WHAT YOU WILL DO = Please restate word for word all lines from the one containing "CUBE RING MUFF" to the final line of the entries, and include no pictures.

SUPPLIED INFORMATION =
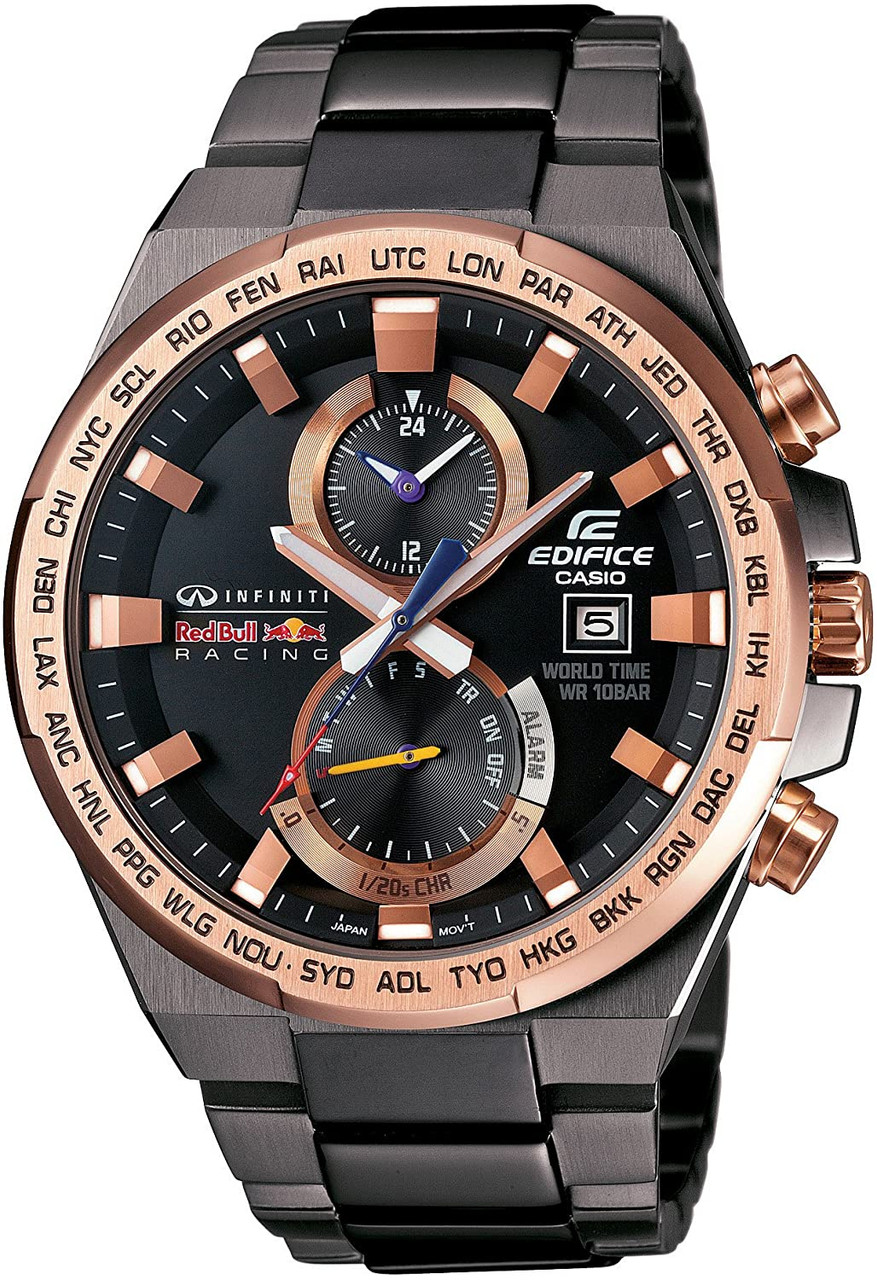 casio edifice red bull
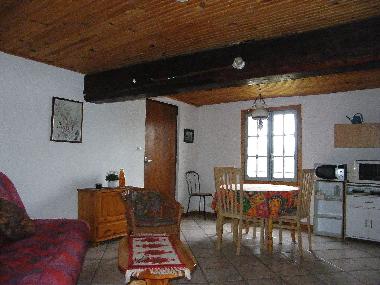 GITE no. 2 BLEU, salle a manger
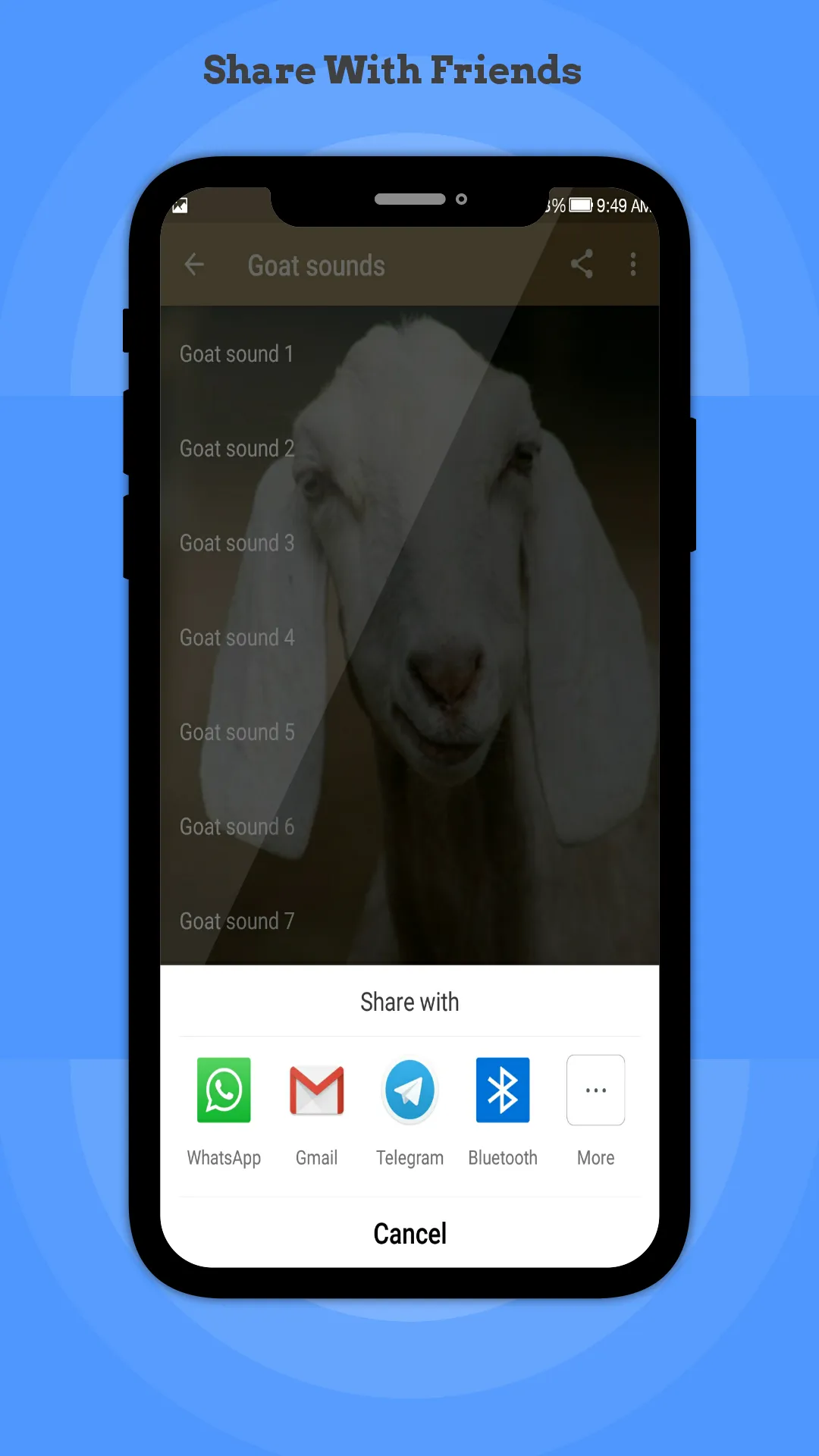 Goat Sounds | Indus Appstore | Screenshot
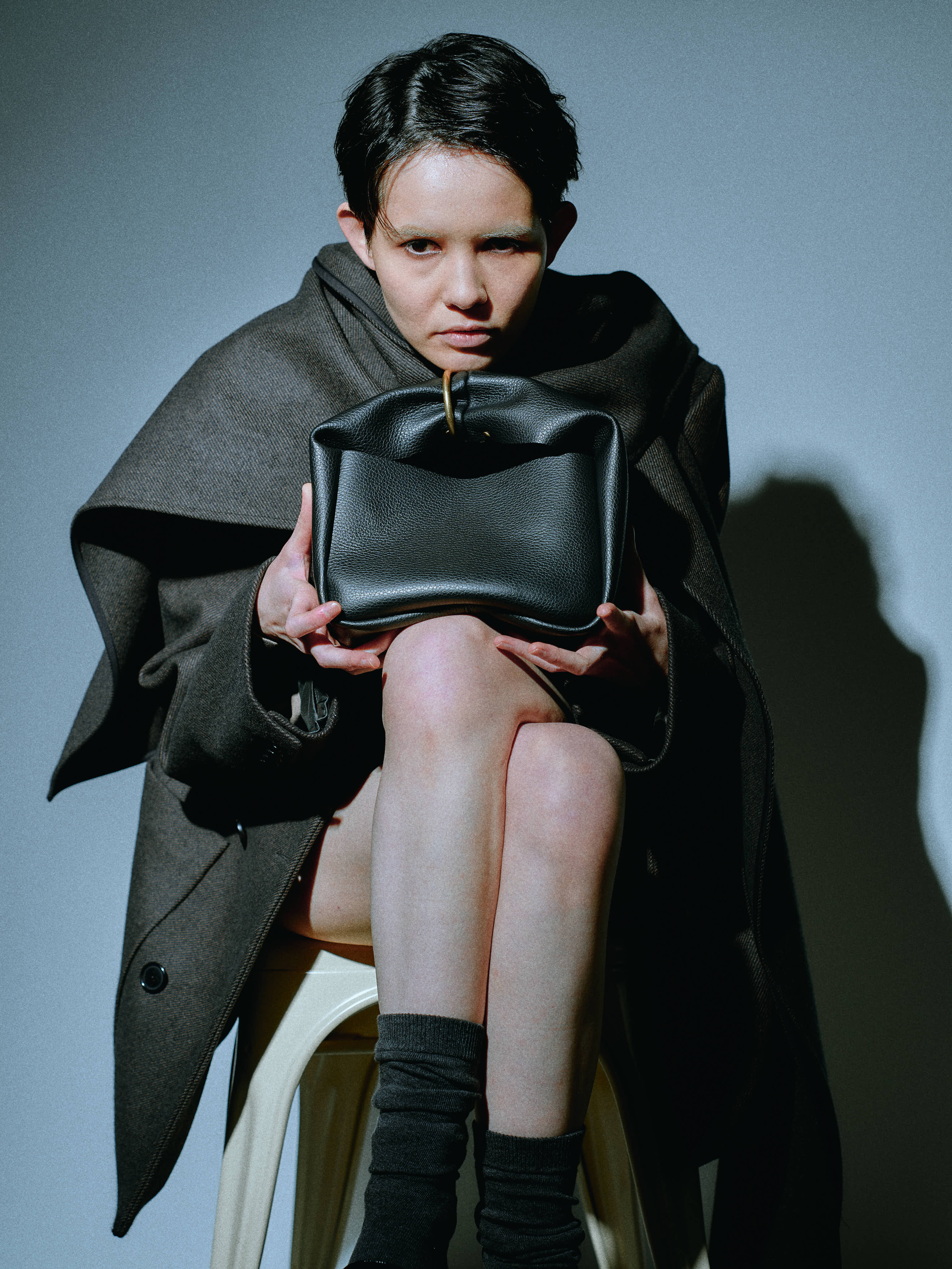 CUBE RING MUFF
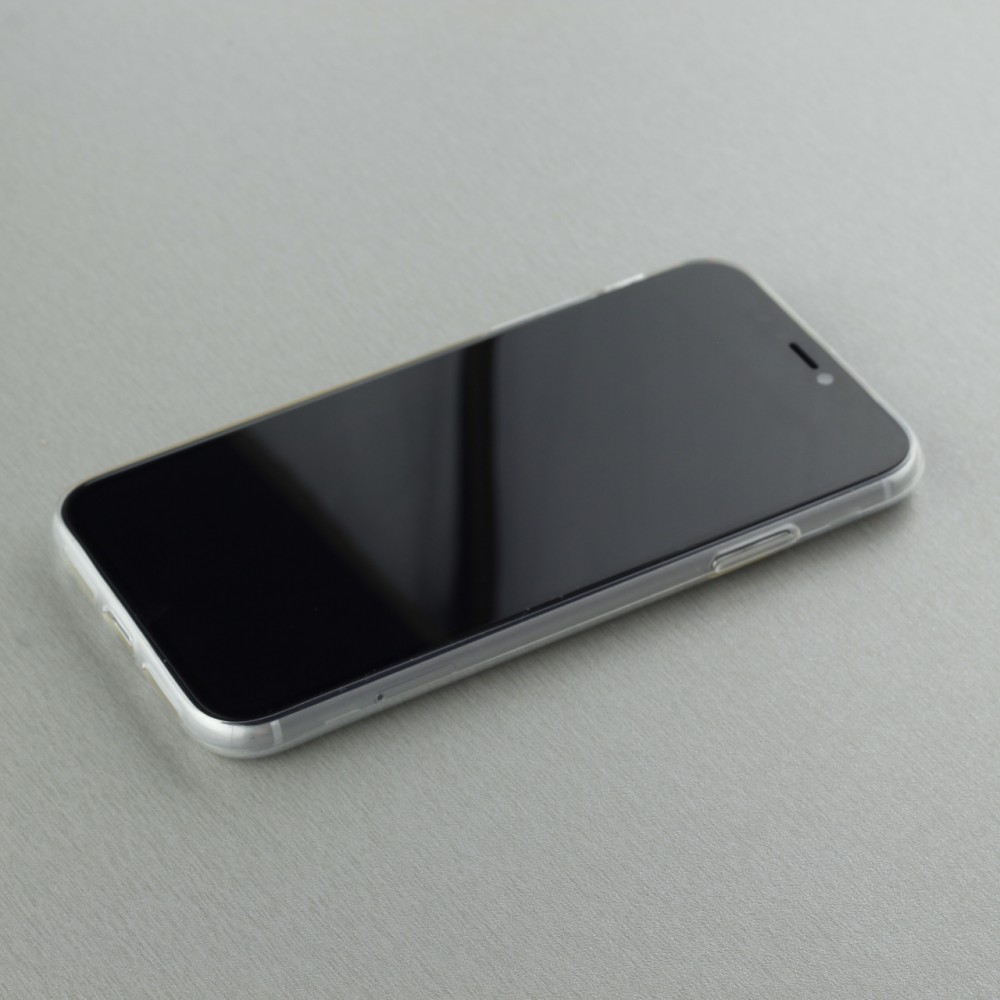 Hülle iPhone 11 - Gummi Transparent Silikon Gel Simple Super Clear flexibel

EXERCISE RESULT =
 CUBE RING MUFF
 Hülle iPhone 11 - Gummi Transparent Silikon Gel Simple Super Clear flexibel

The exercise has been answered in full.